Most items in the Finder’s context menu are already accessible via the menu bar & any thing in the menu bar is fair game for a custom keyboard shortcut in System Preferences (System Preferences > Keyboard > Keyboard Shortcuts > Application Shortcuts). You can assign keyboard shortcuts for most apps (Firefox excluded) in that panel and that includes the Finder. If it doesn’t immediately take effect, just relaunch the Finder.


Quicksilver proxy objects, specifically the "Current Selection" proxy object.

This will let you invoke Quicksilver with all of the items you have selected in the Finder as the thing you do stuff to.

I have a trigger (mine's set to ⌘+shift+space) set up to get all the currently-selected items in the Finder. The end result is that I can perform actions on the currently-selected items in the Finder with, like, three keystrokes. Most of the things I can do to the items are in the context menu, but not all, if I recall. Still, pretty handy.

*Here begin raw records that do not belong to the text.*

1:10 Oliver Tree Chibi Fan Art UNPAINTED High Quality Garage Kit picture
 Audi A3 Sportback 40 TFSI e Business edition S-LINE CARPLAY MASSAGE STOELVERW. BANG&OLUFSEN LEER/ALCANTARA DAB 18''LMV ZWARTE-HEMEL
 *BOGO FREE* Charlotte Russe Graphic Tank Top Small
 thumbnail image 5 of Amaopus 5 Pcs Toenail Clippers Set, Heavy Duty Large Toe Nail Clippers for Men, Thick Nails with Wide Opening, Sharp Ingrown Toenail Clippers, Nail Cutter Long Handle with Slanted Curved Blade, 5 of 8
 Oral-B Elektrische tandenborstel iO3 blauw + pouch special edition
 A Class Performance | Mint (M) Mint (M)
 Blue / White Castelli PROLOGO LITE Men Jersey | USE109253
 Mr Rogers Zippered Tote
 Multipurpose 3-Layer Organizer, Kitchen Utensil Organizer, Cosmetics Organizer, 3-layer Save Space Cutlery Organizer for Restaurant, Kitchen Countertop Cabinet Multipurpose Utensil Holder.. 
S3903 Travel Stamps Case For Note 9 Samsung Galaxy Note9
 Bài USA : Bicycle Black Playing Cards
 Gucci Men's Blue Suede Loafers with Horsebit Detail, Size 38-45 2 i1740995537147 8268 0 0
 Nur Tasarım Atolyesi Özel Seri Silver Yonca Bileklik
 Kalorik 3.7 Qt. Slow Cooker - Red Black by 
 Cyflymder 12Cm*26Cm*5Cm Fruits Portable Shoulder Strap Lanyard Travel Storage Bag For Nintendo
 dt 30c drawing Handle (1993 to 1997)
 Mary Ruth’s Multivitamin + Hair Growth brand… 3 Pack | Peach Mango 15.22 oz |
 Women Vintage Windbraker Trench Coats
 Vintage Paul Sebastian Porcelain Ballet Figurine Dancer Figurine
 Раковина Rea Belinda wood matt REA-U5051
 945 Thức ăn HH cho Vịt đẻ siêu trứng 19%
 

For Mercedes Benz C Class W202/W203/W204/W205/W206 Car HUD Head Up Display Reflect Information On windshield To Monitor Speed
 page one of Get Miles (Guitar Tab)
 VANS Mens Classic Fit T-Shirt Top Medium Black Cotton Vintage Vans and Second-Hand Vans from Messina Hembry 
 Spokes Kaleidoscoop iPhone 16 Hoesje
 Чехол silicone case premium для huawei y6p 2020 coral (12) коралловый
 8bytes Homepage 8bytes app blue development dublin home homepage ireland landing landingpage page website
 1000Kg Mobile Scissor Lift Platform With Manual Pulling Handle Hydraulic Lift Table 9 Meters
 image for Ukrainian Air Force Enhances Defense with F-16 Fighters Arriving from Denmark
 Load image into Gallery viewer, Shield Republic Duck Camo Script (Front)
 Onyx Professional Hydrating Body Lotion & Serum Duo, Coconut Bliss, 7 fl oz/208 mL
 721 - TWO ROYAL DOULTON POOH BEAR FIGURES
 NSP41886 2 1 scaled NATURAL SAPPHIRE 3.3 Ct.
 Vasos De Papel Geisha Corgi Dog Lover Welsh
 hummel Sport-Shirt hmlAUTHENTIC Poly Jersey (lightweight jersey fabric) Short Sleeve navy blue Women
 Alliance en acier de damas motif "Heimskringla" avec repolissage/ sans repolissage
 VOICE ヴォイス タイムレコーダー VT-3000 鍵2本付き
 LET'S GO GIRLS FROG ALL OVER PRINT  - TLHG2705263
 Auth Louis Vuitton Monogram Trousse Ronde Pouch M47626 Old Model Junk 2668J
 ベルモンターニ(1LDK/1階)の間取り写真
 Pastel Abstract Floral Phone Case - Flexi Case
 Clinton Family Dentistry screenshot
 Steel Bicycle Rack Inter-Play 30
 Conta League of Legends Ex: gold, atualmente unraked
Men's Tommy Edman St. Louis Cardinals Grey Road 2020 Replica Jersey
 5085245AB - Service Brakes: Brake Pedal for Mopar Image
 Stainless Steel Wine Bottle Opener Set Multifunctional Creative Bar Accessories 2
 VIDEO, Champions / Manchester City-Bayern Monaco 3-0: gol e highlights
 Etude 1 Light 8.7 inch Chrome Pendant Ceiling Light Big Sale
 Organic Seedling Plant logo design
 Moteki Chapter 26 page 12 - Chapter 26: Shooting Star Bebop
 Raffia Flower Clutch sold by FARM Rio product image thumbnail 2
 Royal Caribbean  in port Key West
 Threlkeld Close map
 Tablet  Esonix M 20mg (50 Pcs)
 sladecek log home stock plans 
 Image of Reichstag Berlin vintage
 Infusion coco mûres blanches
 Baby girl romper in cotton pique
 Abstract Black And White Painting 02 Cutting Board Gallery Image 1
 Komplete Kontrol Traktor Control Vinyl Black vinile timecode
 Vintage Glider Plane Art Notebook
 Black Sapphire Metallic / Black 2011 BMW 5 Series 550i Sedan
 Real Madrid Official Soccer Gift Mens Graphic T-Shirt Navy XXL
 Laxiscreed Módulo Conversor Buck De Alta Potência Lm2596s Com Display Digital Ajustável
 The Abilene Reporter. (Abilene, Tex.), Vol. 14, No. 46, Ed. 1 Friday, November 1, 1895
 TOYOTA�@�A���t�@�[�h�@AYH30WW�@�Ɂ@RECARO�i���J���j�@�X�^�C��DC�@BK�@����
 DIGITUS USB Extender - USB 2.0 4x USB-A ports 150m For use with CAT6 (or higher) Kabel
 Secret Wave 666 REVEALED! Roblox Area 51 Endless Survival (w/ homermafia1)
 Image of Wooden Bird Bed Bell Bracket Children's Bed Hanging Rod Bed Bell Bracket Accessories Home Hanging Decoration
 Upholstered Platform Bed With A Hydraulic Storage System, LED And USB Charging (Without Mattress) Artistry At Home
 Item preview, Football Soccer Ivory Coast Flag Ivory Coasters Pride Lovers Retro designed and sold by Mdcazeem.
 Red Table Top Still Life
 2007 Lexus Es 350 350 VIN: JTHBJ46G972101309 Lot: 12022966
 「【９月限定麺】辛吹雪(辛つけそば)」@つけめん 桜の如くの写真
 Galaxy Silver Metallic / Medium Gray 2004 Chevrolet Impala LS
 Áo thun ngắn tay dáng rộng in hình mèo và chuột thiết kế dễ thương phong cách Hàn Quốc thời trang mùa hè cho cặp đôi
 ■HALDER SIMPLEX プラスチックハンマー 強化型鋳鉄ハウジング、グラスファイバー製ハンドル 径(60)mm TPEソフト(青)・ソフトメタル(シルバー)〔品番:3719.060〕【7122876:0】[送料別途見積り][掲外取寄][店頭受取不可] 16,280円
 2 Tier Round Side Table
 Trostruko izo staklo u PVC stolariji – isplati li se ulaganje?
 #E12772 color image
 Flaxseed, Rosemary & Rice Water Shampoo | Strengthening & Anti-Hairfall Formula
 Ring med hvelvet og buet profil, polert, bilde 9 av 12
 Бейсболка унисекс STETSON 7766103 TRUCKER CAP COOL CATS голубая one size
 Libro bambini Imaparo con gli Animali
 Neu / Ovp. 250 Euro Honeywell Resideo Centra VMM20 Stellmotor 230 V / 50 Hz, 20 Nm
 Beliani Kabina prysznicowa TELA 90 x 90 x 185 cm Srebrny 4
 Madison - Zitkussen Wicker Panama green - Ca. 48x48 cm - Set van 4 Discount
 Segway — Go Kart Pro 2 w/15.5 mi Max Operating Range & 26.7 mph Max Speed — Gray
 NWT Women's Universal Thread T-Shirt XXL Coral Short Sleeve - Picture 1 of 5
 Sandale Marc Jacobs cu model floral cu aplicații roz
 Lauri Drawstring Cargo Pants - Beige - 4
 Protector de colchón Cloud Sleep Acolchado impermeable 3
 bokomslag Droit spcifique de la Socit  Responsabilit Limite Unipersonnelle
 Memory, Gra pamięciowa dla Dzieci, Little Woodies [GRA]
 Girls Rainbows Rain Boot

Not quite exactly the context menu, very close however. If you use the commands for Universal Access you can get to the menu for the Task button in the buttonbar.

Press control-F5 to put the focus on the buttonbar. Press tab until the Task button is highlighted, press space to open it, use the arrows to make your selection.

Note that you may have to enable Universal Access, and that you can change the control-F5 shortcut in the Keyboard prefpane. Also, the name of the button may be slightly different in English (I'm running in Dutch, and can't be bothered to switch languages to check the exact translation).